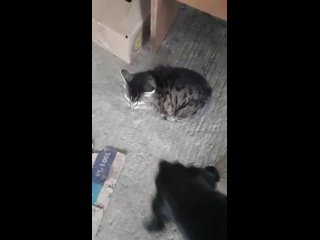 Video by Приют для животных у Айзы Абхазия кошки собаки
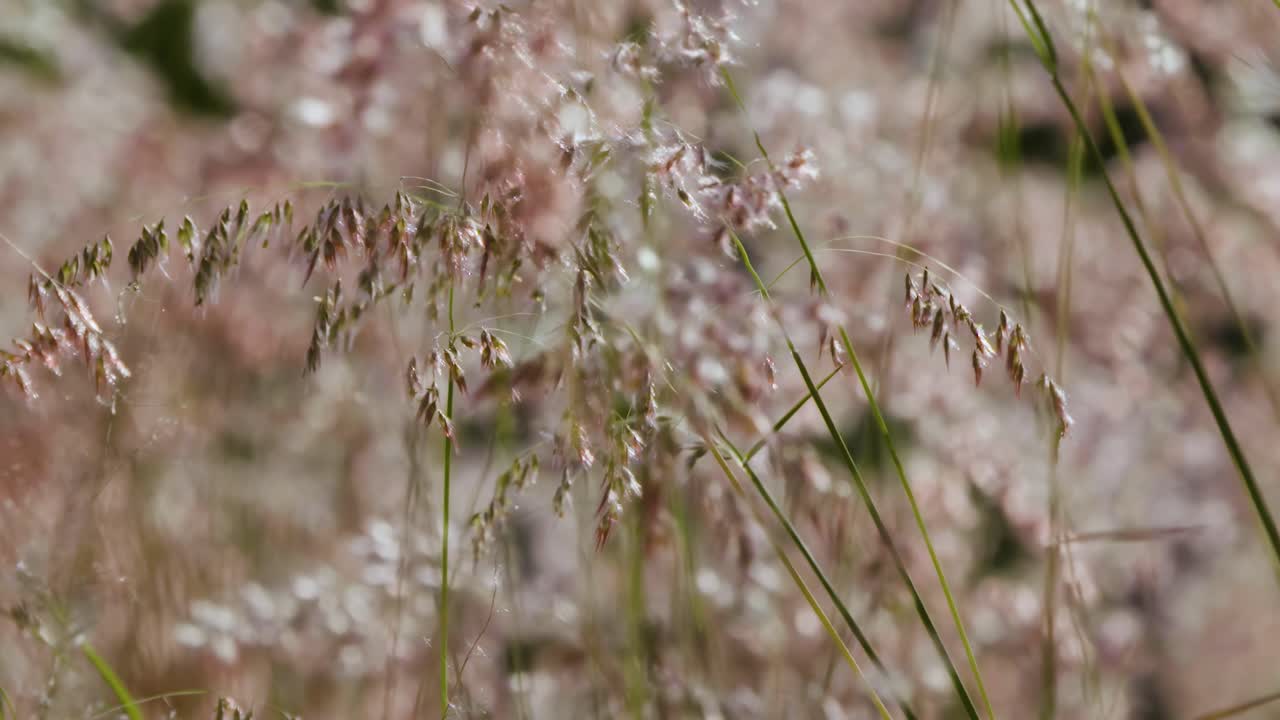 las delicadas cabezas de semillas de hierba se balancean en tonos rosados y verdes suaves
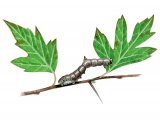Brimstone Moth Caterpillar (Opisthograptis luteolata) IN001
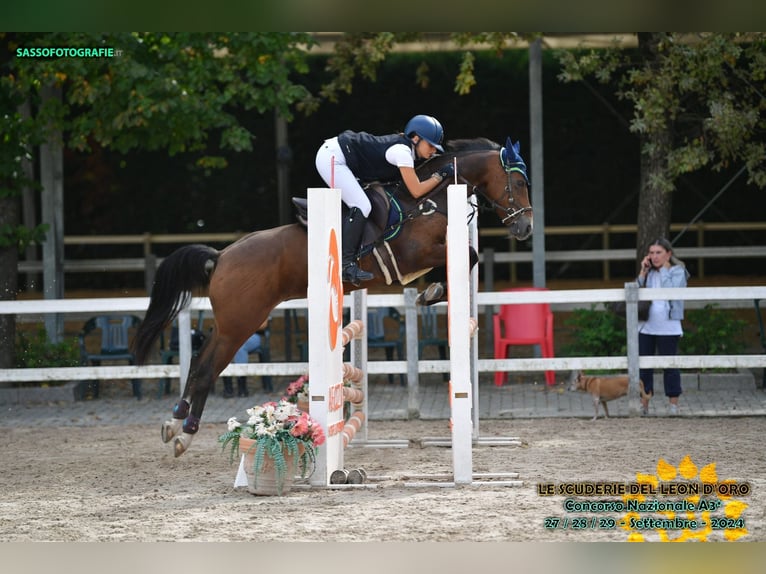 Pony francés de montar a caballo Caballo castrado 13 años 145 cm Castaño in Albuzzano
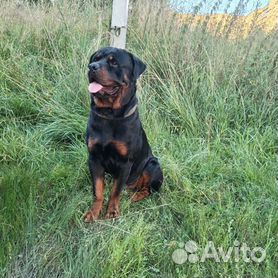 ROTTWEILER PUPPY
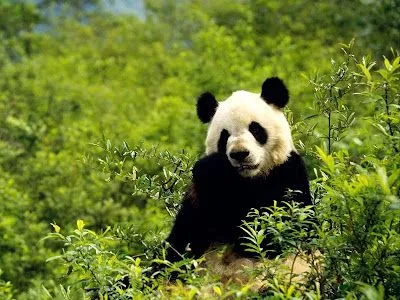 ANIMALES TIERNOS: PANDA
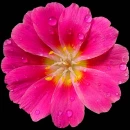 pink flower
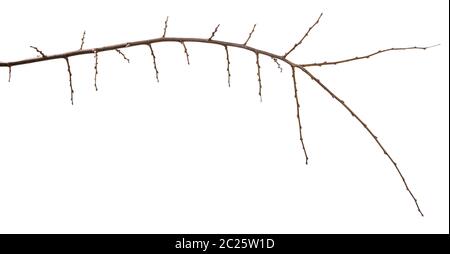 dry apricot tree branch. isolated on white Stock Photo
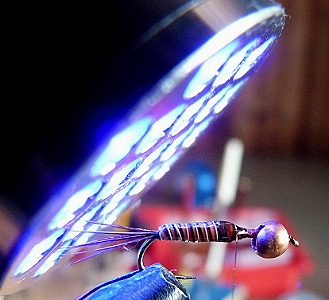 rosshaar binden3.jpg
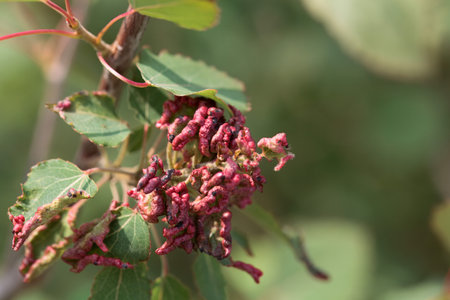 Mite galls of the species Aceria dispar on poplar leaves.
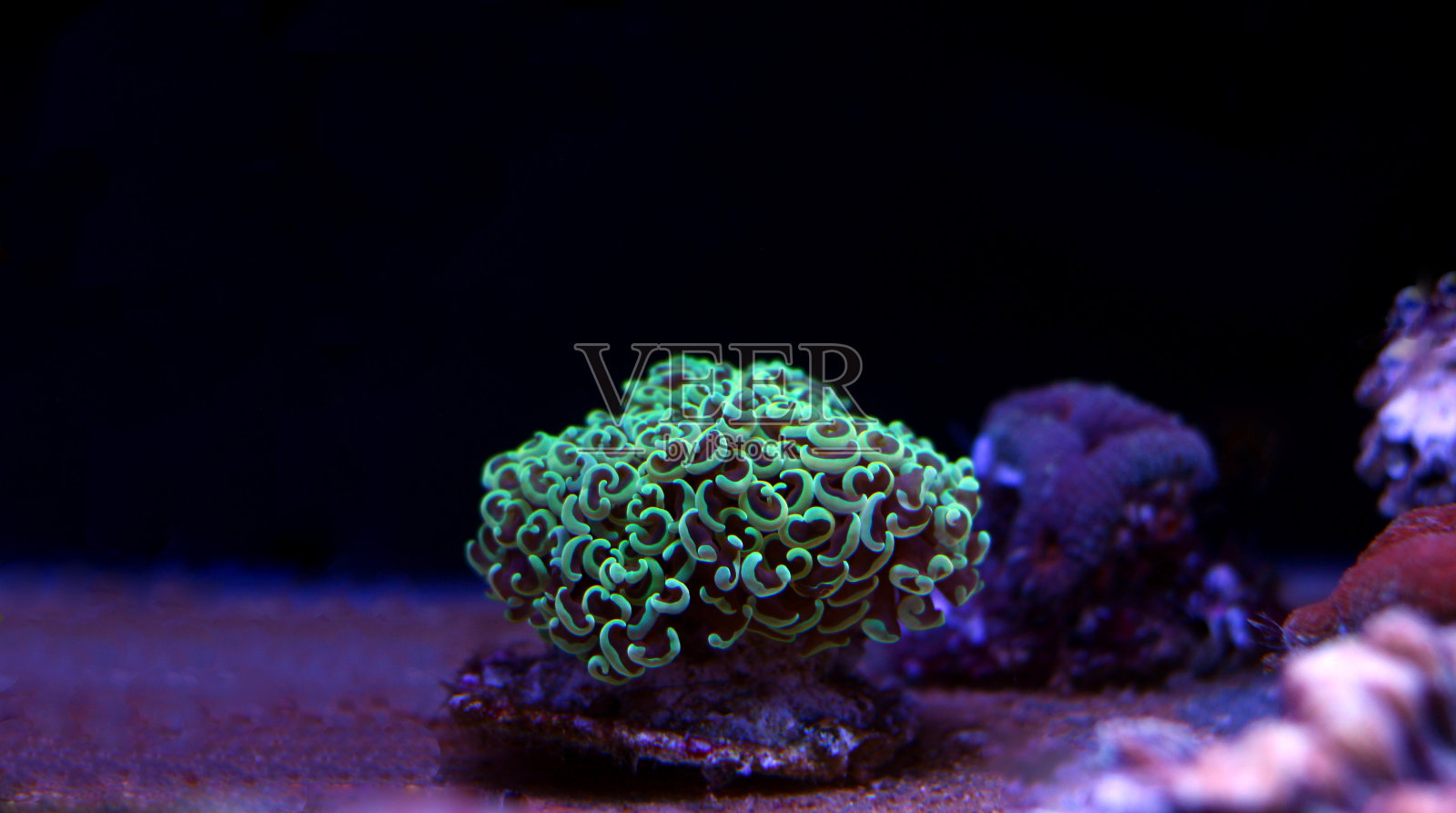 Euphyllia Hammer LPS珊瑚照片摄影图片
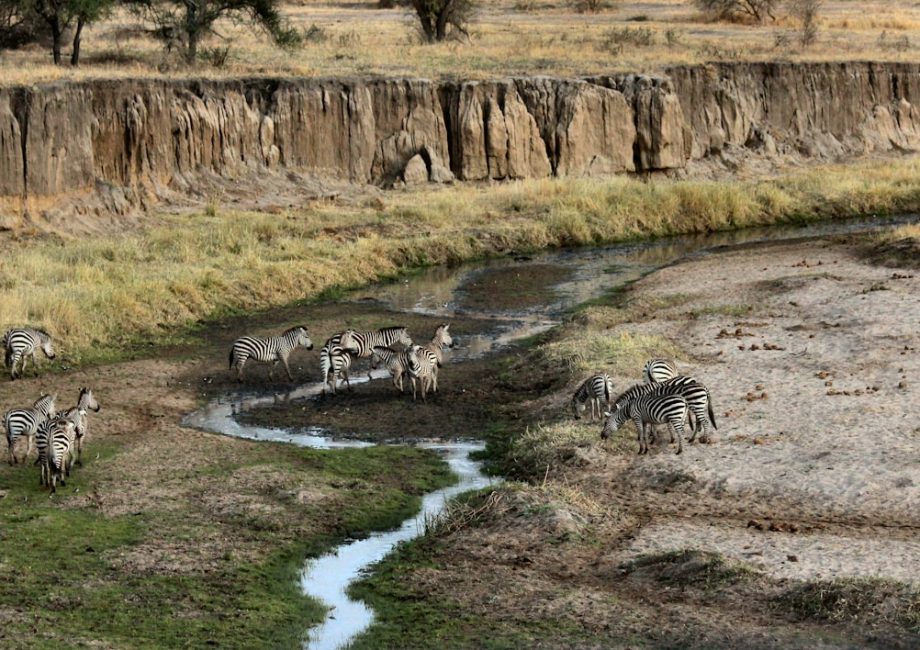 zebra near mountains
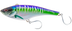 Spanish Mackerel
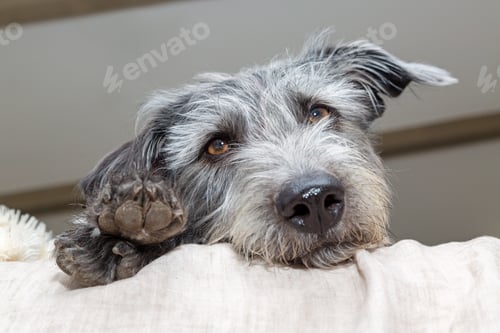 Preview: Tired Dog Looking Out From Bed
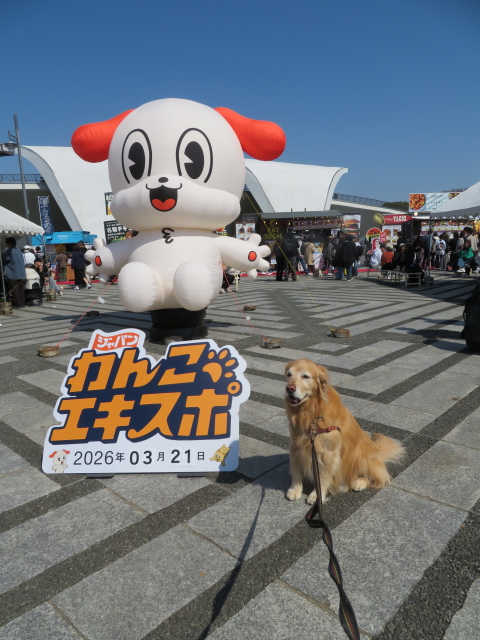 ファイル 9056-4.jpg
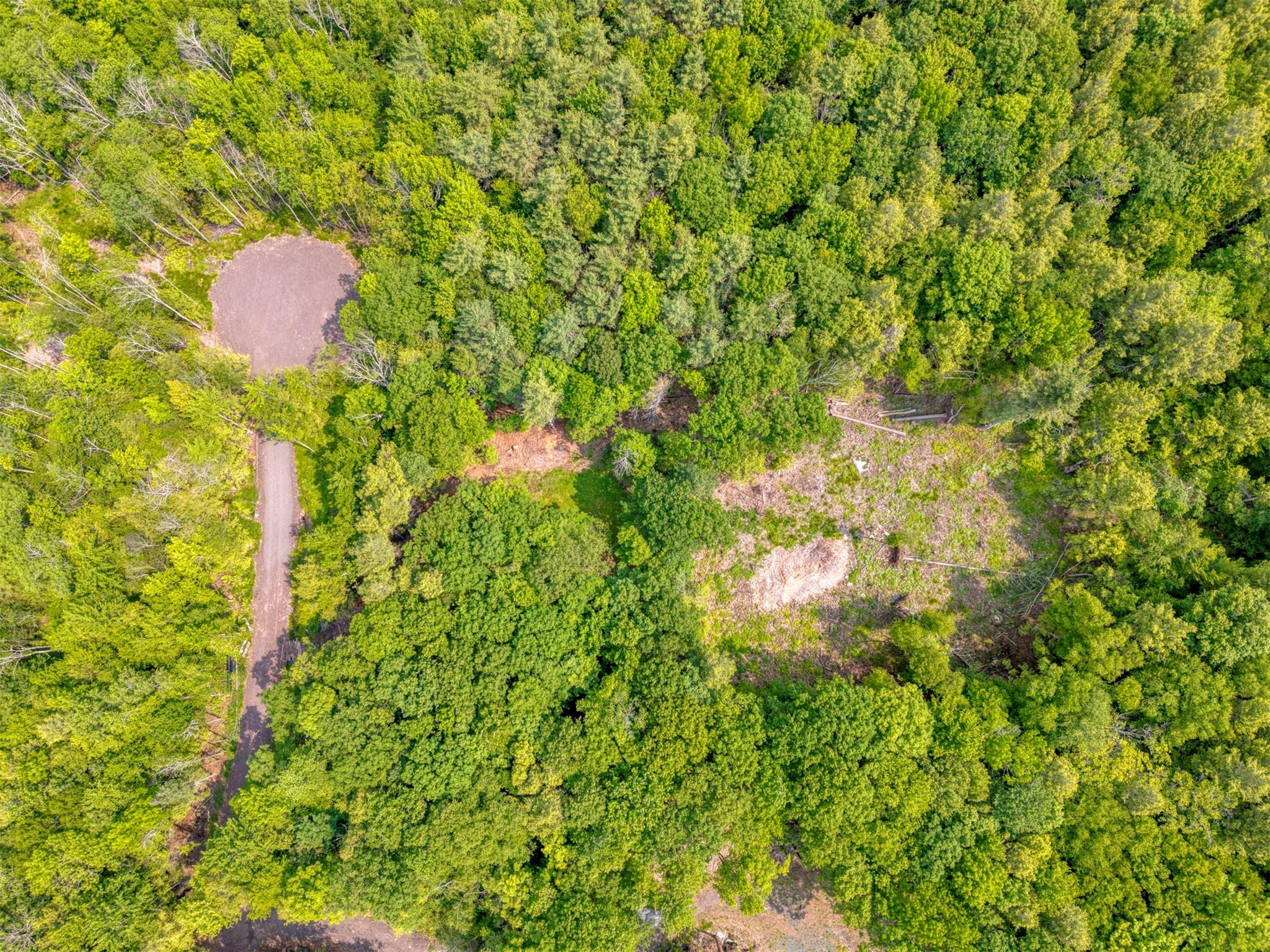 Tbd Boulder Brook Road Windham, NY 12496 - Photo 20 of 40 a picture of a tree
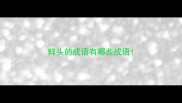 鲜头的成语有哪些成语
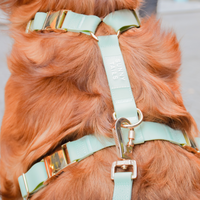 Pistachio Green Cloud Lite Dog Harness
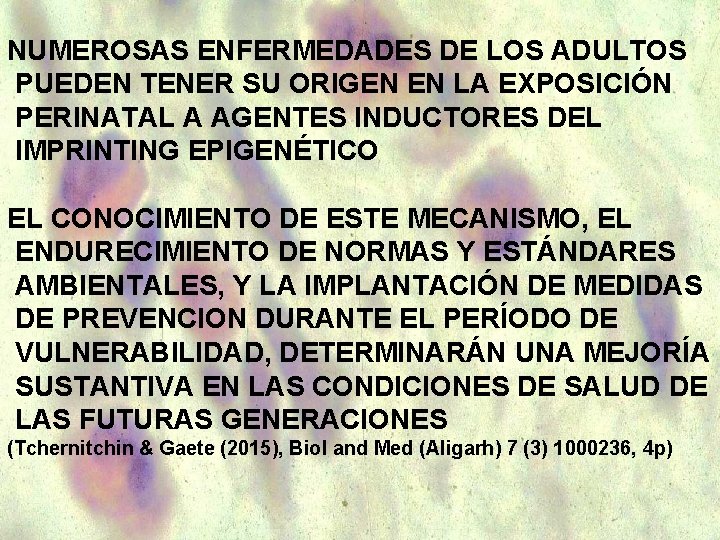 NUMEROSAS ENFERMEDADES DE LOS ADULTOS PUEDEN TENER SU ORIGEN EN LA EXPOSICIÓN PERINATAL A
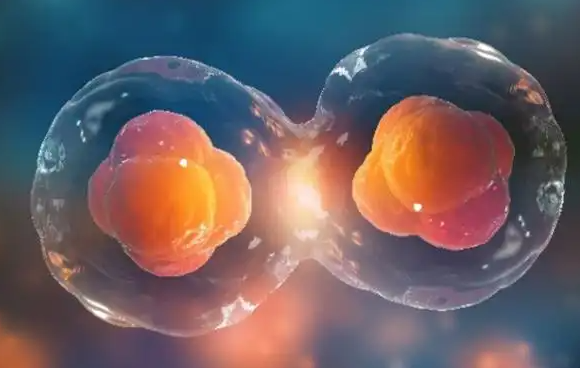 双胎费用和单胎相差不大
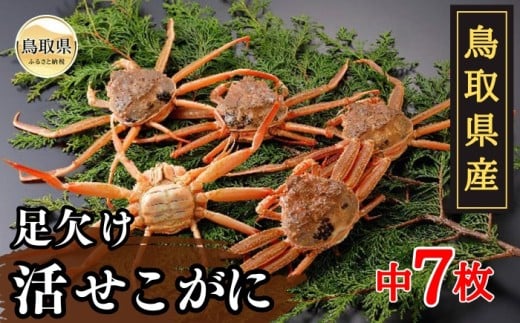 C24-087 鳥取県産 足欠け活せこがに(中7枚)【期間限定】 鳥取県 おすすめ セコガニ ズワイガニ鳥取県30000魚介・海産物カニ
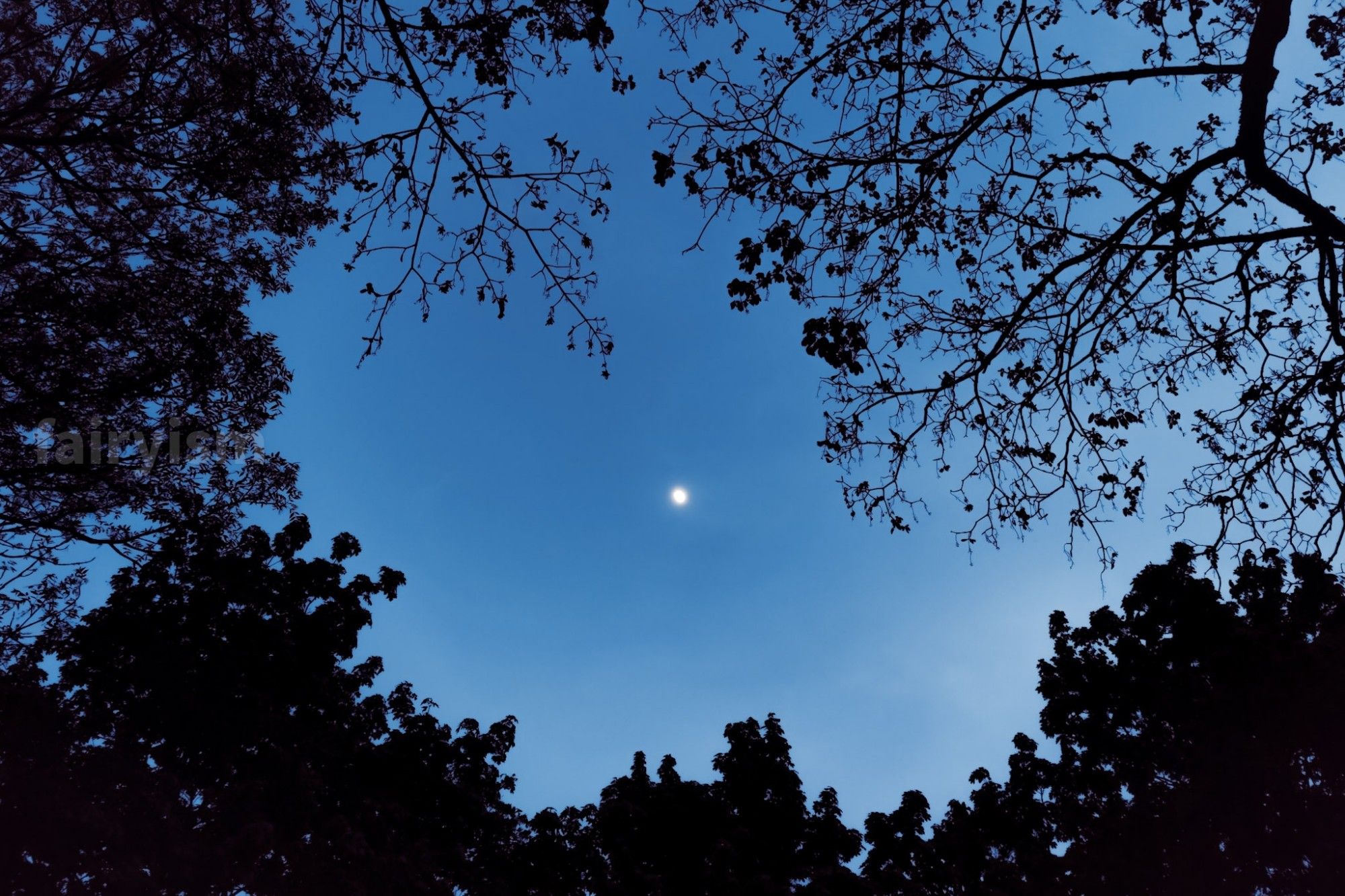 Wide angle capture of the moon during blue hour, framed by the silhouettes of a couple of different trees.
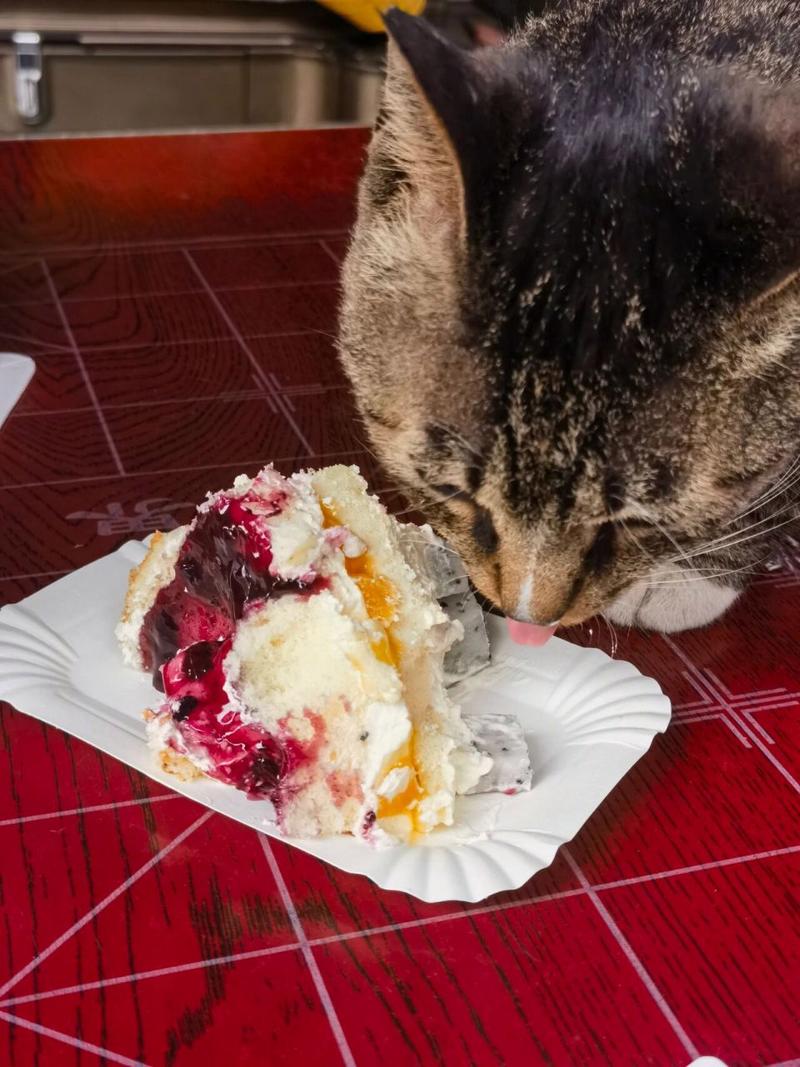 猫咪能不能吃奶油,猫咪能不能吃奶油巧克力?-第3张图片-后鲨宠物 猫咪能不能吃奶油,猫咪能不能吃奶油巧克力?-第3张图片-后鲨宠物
========================================================================
AIM OF THE EXERCISE -
Reproduce, word for word, only the lines in the records above from the line with "ROTTWEILER PUPPY" through the line with "Spanish Mackerel", including both ends; omit the pictures.

SOLUTION TO THIS EXERCISE -
 ROTTWEILER PUPPY
 ANIMALES TIERNOS: PANDA
 pink flower
 dry apricot tree branch. isolated on white Stock Photo
 rosshaar binden3.jpg
 Mite galls of the species Aceria dispar on poplar leaves.
 Euphyllia Hammer LPS珊瑚照片摄影图片
 zebra near mountains
 Spanish Mackerel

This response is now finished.